Image-text web data:
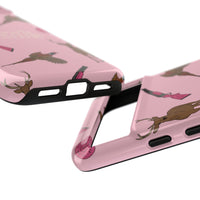 Pale Pink Girls Love Guns Case  | CGC x Country Cases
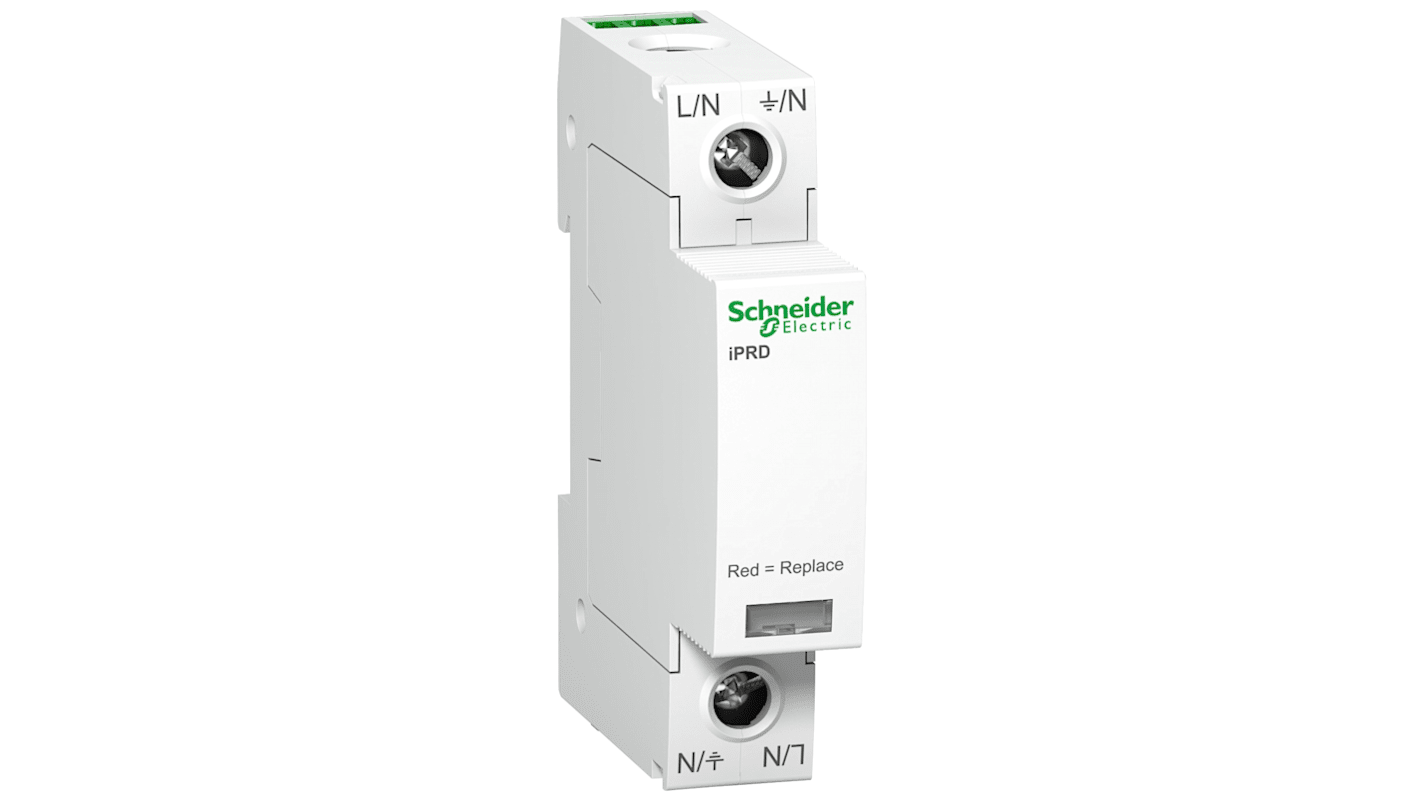 Schneider Electric Surge Arrester, 5kA, 460V ac, Clip-On Mount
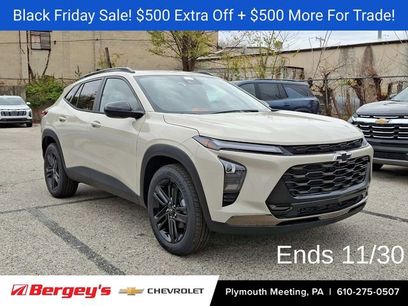 New 2026 Chevrolet Trax ACTIV w/ Sunroof Package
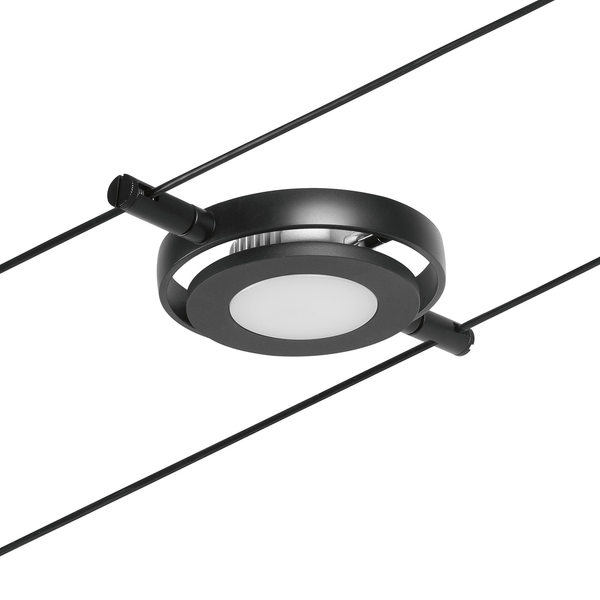 LED-Deckenleuchte Corduo IV - Polycarbonat / Aluminium - 5-flammig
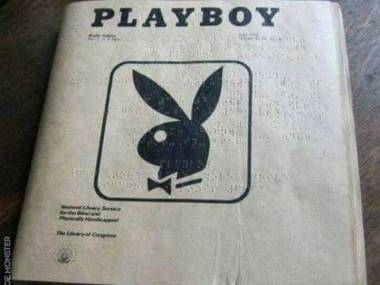 Playboy dla niewidomych
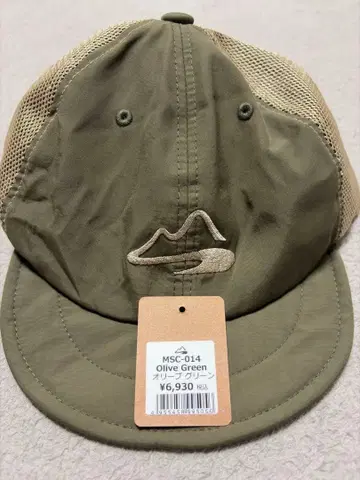 [새상품급] 마일스톤 캡 MSC014 올리브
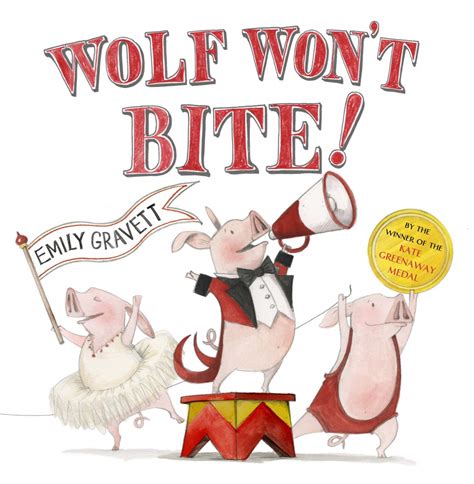 Wolf Wont Bite By Emily Gravett London Mums Magazine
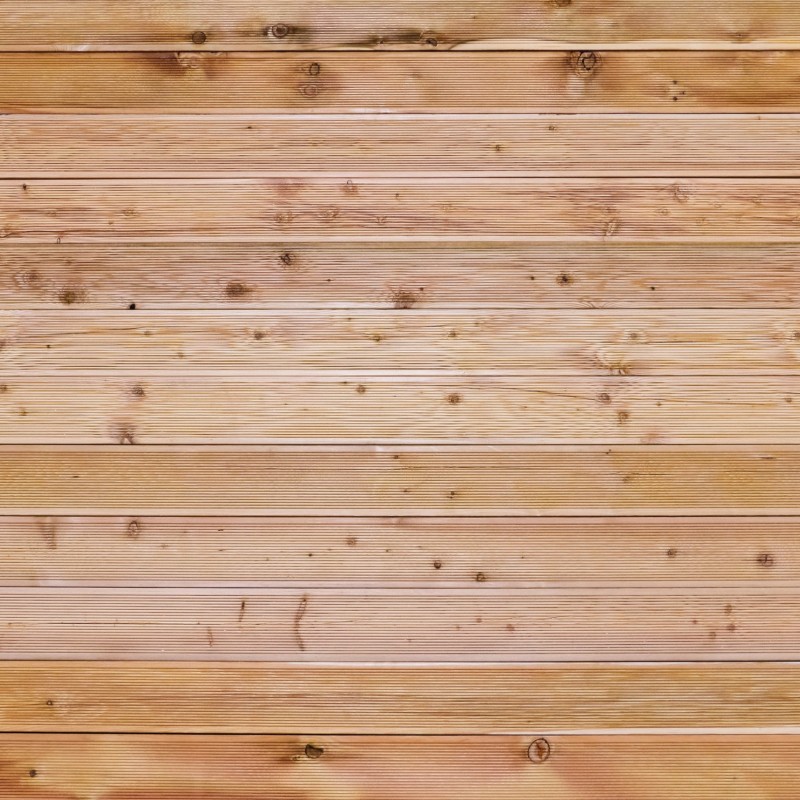 Terrassendielen grob genutet, 27 x 142 mm, C Sortierung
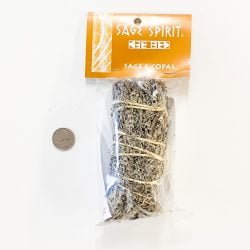 Sage and Copal Smudge Stick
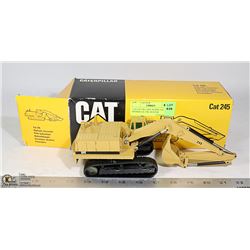 1:50 CAT DIE CAST IN BOX #245 HYDRAULIC EXCAVATOR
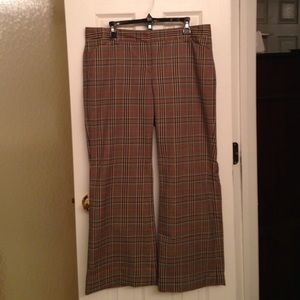 MOVING SALE! Express plaid dress pants.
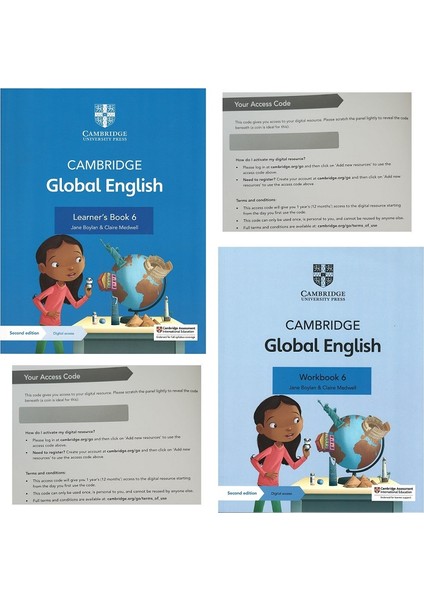 Global English 6 Learner's Book + Workbook With Digital Access (2nd)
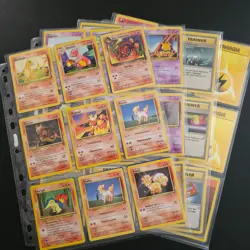 72x WOTC Pokemon Karten Sammlung gemischt div. Set TCG non Holo Vintage /K67 - Image 2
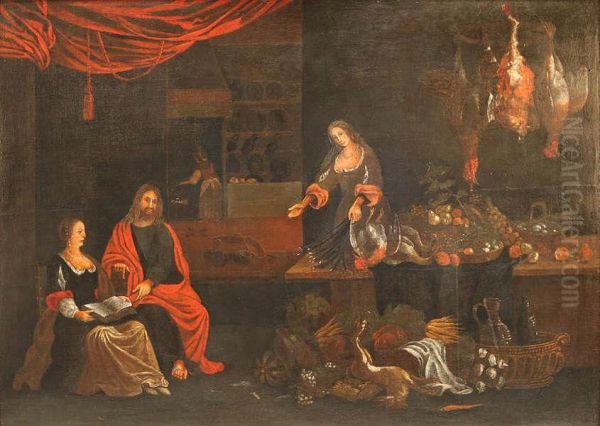 Christus In Het Huis Van Martha En Marie - view 1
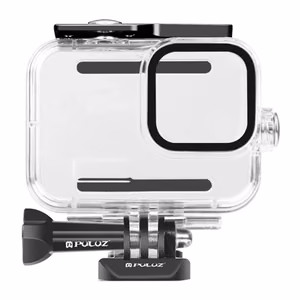 PULUZ ūdensnecaurlaidīgs korpuss GoPro HERO13 Black / 12 Black / 11 Black / 10 Black / 9 Black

_What to do_
Repeat the records above exactly, from the first line through the line containing "Christus In Het", and leave out the pictures.

_Task output_
 Pale Pink Girls Love Guns Case  | CGC x Country Cases
 Schneider Electric Surge Arrester, 5kA, 460V ac, Clip-On Mount
 New 2026 Chevrolet Trax ACTIV w/ Sunroof Package
 LED-Deckenleuchte Corduo IV - Polycarbonat / Aluminium - 5-flammig
 Playboy dla niewidomych
 [새상품급] 마일스톤 캡 MSC014 올리브
 Wolf Wont Bite By Emily Gravett London Mums Magazine
 Terrassendielen grob genutet, 27 x 142 mm, C Sortierung
 Sage and Copal Smudge Stick
 1:50 CAT DIE CAST IN BOX #245 HYDRAULIC EXCAVATOR
 MOVING SALE! Express plaid dress pants.
 Global English 6 Learner's Book + Workbook With Digital Access (2nd)
 72x WOTC Pokemon Karten Sammlung gemischt div. Set TCG non Holo Vintage /K67 - Image 2
 Christus In Het Huis Van Martha En Marie - view 1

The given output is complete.